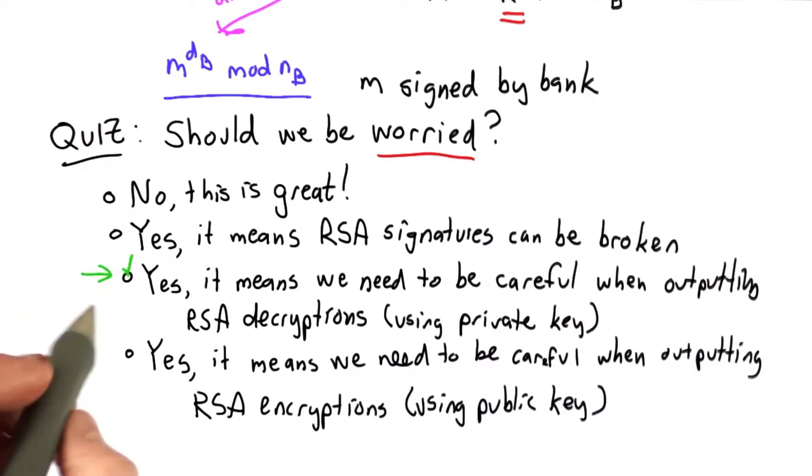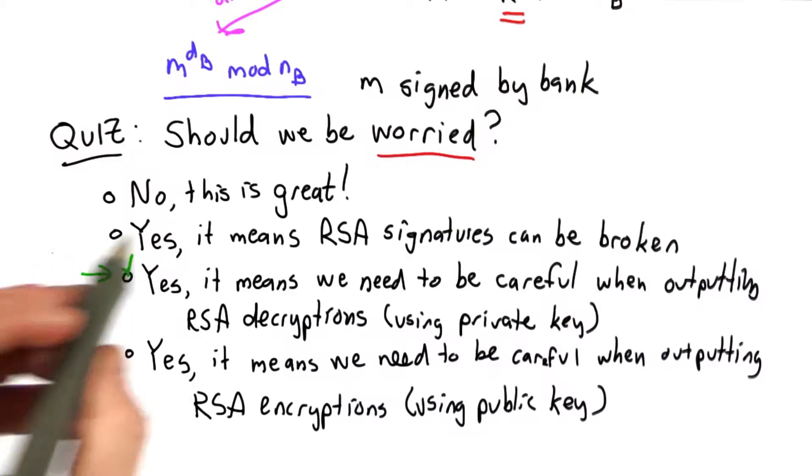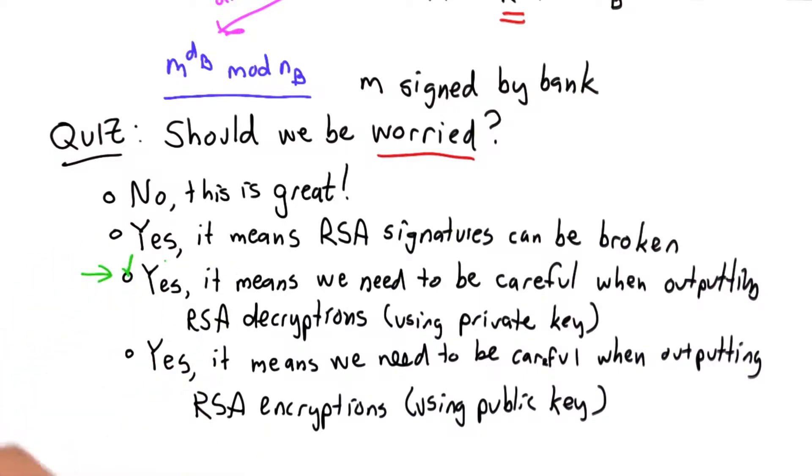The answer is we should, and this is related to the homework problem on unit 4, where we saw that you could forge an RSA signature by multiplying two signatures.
* * *
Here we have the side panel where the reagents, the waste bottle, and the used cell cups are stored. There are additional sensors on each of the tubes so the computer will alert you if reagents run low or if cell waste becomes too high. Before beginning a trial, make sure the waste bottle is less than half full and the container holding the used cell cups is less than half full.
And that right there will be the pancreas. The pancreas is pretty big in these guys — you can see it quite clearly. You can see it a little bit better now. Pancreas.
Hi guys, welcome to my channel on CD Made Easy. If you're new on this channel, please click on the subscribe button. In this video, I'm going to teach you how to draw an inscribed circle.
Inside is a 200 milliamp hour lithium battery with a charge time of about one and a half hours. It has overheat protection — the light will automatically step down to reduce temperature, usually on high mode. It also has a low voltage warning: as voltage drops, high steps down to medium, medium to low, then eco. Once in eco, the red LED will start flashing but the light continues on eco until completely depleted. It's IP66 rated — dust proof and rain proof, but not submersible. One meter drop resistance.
* * *
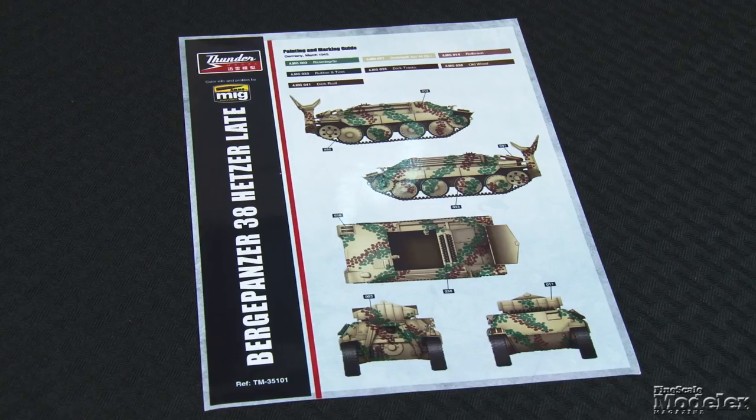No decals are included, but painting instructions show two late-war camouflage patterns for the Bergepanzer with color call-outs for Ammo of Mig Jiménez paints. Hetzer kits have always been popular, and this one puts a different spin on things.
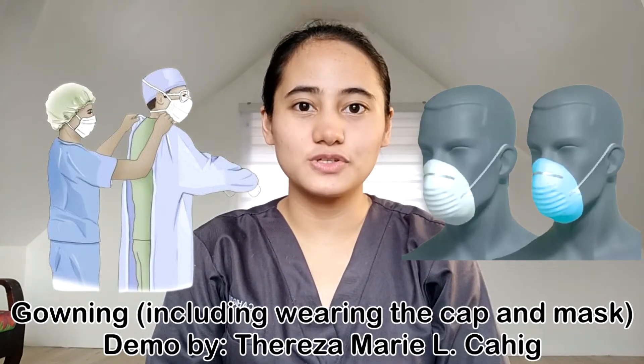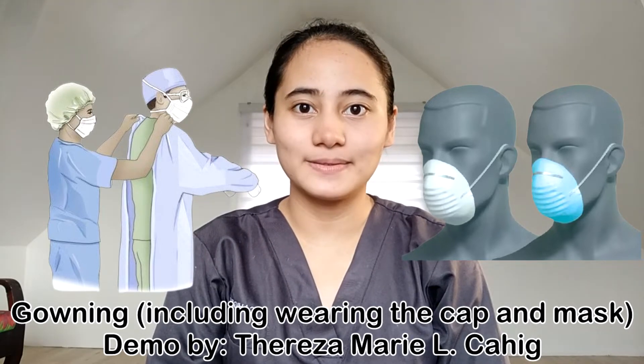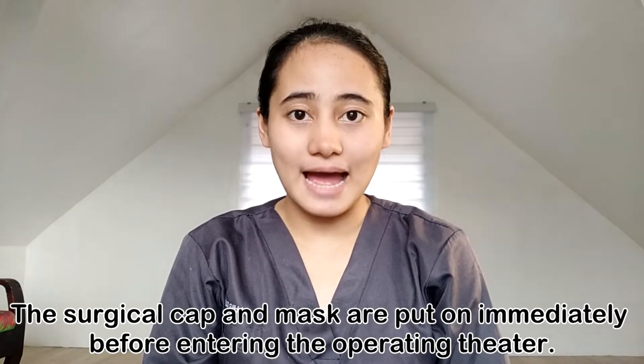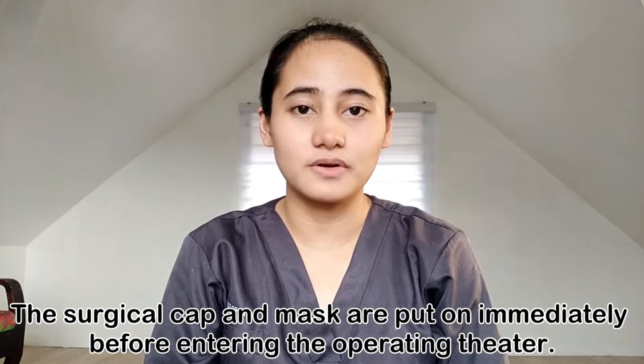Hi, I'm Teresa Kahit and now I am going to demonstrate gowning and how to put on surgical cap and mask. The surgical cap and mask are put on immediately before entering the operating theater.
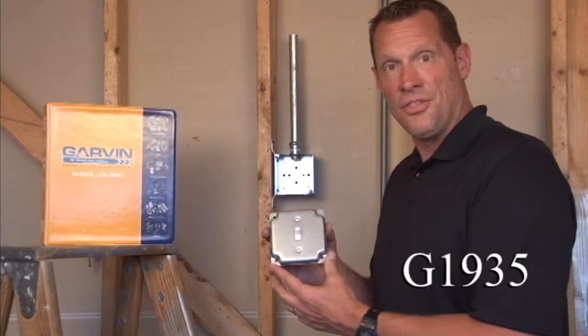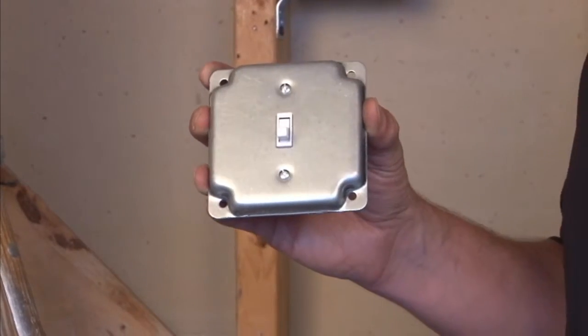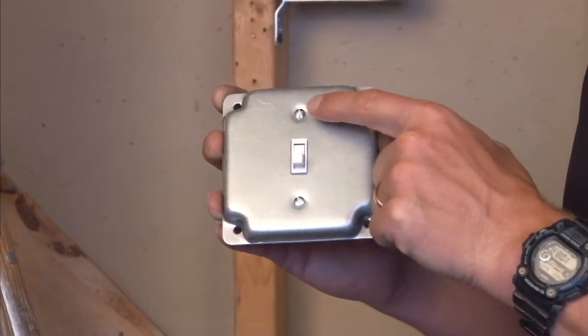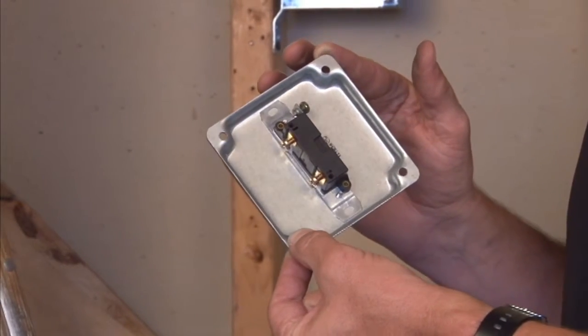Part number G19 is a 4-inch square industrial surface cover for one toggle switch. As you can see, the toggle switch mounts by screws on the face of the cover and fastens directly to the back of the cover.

Work item: In the listing above, find the line with "No decals are" and the line with "Part number G19". Copy exactly those lines and all between them, minus the images.

Exercise response:
No decals are included, but painting instructions show two late-war camouflage patterns for the Bergepanzer with color call-outs for Ammo of Mig Jiménez paints. Hetzer kits have always been popular, and this one puts a different spin on things.
Hi, I'm Teresa Kahit and now I am going to demonstrate gowning and how to put on surgical cap and mask. The surgical cap and mask are put on immediately before entering the operating theater.
Part number G19 is a 4-inch square industrial surface cover for one toggle switch. As you can see, the toggle switch mounts by screws on the face of the cover and fastens directly to the back of the cover.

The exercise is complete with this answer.